My neighbor has a corn feeder for the deer. She called me over one afternoon to show me that our honey bees were picking through the corn. Their must have been 1000 bees or so going crazy over the corn.

From my understanding there is no nutrional value from corn for bees. Each hive has 10 - 12 frames of honey plus lots of pollen to go into winter.

Anyone have any thoughts on this?


----------



## gone2seed (Sep 18, 2011)

Only two things come to mind.First,they are after dust from the corn which they might mistake for pollen or,it may be that your neighbor is mixing in a little salt with his corn as an added attraction for the deer.Bees like salt too and can often be seen around salt feeders for cattle.


----------



## jrbbees (Apr 4, 2010)

Some deer corn comes pre-salted.


----------



## Mbeck (Apr 27, 2011)

Could it be sweet feed?


----------



## beekeeper_sd (Oct 30, 2008)

Bees love corn dust. Our neighbor told us just the other day that the bees were all over his combine when he was combining corn in a nearby field.


----------



## Live Oak (Oct 11, 2008)

kevinva said:


> My neighbor has a corn feeder for the deer. She called me over one afternoon to show me that our honey bees were picking through the corn. Their must have been 1000 bees or so going crazy over the corn.
> 
> From my understanding there is no nutrional value from corn for bees. Each hive has 10 - 12 frames of honey plus lots of pollen to go into winter.
> 
> Anyone have any thoughts on this?


The bees your friend showed you are very likely starving and/or have limited or no pollen available to them. Our bees raid the chicken feeders which have cracked corn in them. They scavenge the corn dust as a pollen substitute when there is none naturally available. Whenever I see our bees raiding the chicken feeders, I put out pollen substitute for them. 16 hives will go through about 5 lbs. a day when they are really hungry and have limited stores. Since I started putting out Mannlake Ultra Bee pollen substitute for them, they leave the chicken feeders alone.


----------



## dixiebooks (Jun 21, 2010)

My first thought was perhaps the corn was coated in Molasses or Corn Syrup to sweeten it for the deer. The corn dust thing is an interesting discovery, though. Question: Do we know for sure that the commercially available pollen "substitute" is not simply corn dust? Just wondering as I have never used pollen sub. -james


----------



## Lost Bee (Oct 9, 2011)

Isn't it true that bees are attracted to the color yellow? Corn is normally
yellow and with the sugar content in most corn it's no wonder that corn 
would be attractive to bees. 

Kevinva, I would to donate a bottle of honey or two to your 
neighbout to make sure she's not too upset from your robbers. 
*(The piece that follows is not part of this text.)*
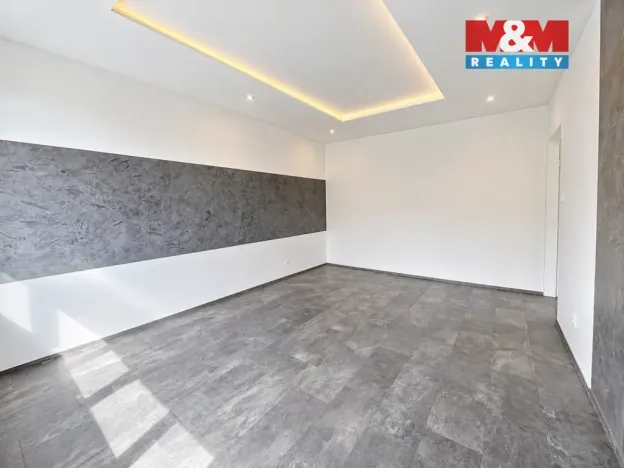 Pronájem bytu 2+1, Praha - Strašnice, V úžlabině, 53 m2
At least, your neighbour didn't go crazy with insecticides like some
might. Good neighbour relations should be improved at all costs.

It may be time to feed them a little also. 

Lucky for her, your not raising hogs.


----------



## SwedeBee1970 (Oct 26, 2008)

I agree with what's said about the corn syrup added. The pot is sweetened in most animal food that contains corn. Cracked corn is a high energy food source for many animals in winter. The bees should be interested in the sweetness of it all.


----------



## bluegrass (Aug 30, 2006)

All the "pollen" they are bringing in is actually grain dust.... As long as the field bees can fly they will and collect whatever they can find., once weather turns too cold to fly they will revert back to nurse bees in order to raise the remaining brood, then they die.


----------



## Jim 134 (Dec 1, 2007)

I have seen bees collect wood saw dust


EE HAPPY Jim 134


----------